I’ve been minding my business drawing and painting abstracts. But I find myself looking at Antonio Lopez Garcia’s, Susan Lichtman’s, Ann Gale’s, and Bernard Chaet’s work late at night when no one can look over my shoulder to witness my backsliding. I’m drawn to the paintings that look frozen mid completion, the ones that appear to be raggedly gelling into place.

I’ve also come across some Philadelphia artists, disciples of Edwin Dickinson, who often leave their landscapes, interiors, figures and still lives in ephemeral states. Lost edges, incomplete forms, and poetic reductions of detail dominate. These painters interpret and synthesize instead of piling up dry, factual bits of visual information. They hint at a world of mystery and hidden knowledge lying just below surface appearances. They’re the anti-photorealists.

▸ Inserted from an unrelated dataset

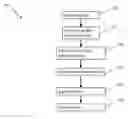 Fig. 01 - System and method to generate a data-rich template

Landscapes (in order) Edwin Dickinson, Stuart Shils, and Jeffrey Reed.
I recently decided to try my hand at painting a still life, the first in four years. A cream-colored portrait bust on a studio shelf drew my attention. I liked how it blended in with a plastic bag on its left and a glass on its right. I started developing the nose and added adjacent color shapes. I didn’t keep track of proportions on the first pass but let mistakes stand as long as the paint looked good. I worked on the painting for two more sessions. It looked more realistic by the end, but the brushwork still seemed fairly loose and spontaneous. I wanted it to read more like an improvisation than a detailed report.

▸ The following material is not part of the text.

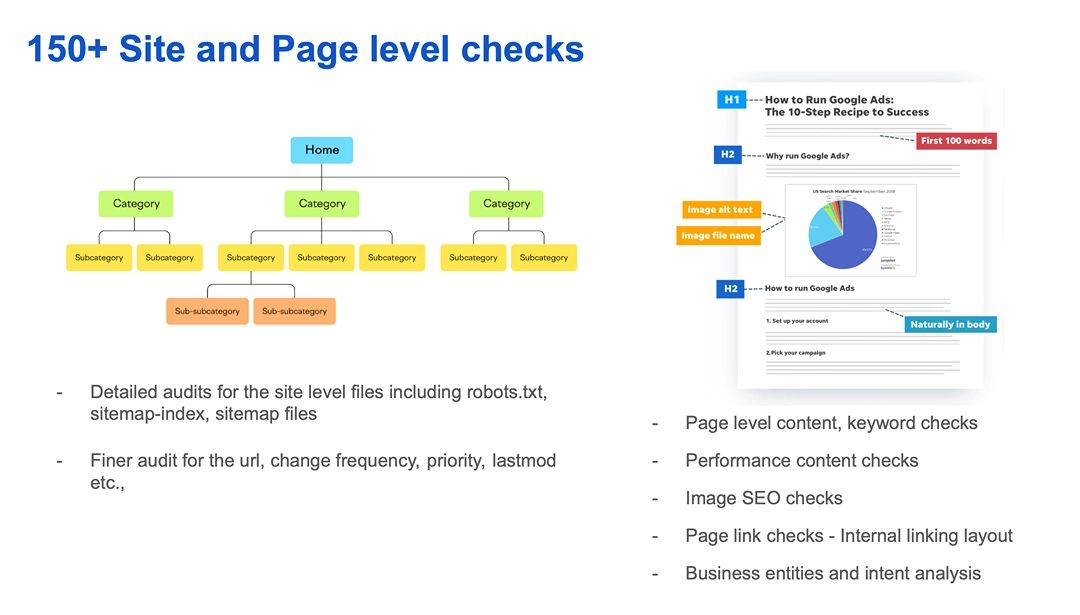 Digispot AI SEO Checks at both site and page level with 200+ checks including content, technical, performance and user experience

Portrait Bust, oil on board, 8×8″
I had a little daylight and energy left after I finished the still life, so I set up a French folding easel at the end of my driveway and began a landscape of houses, cars, bushes and trees.


The painting looks ragged, and the colors are muddy. But I’m looking forward to the next work session. I don’t think that I’ll leave it as unresolved as Shils would but will approach the composition as an arrangement of loosely brushed abstract shapes.
I don’t know how it will turn out, and that’s the best part.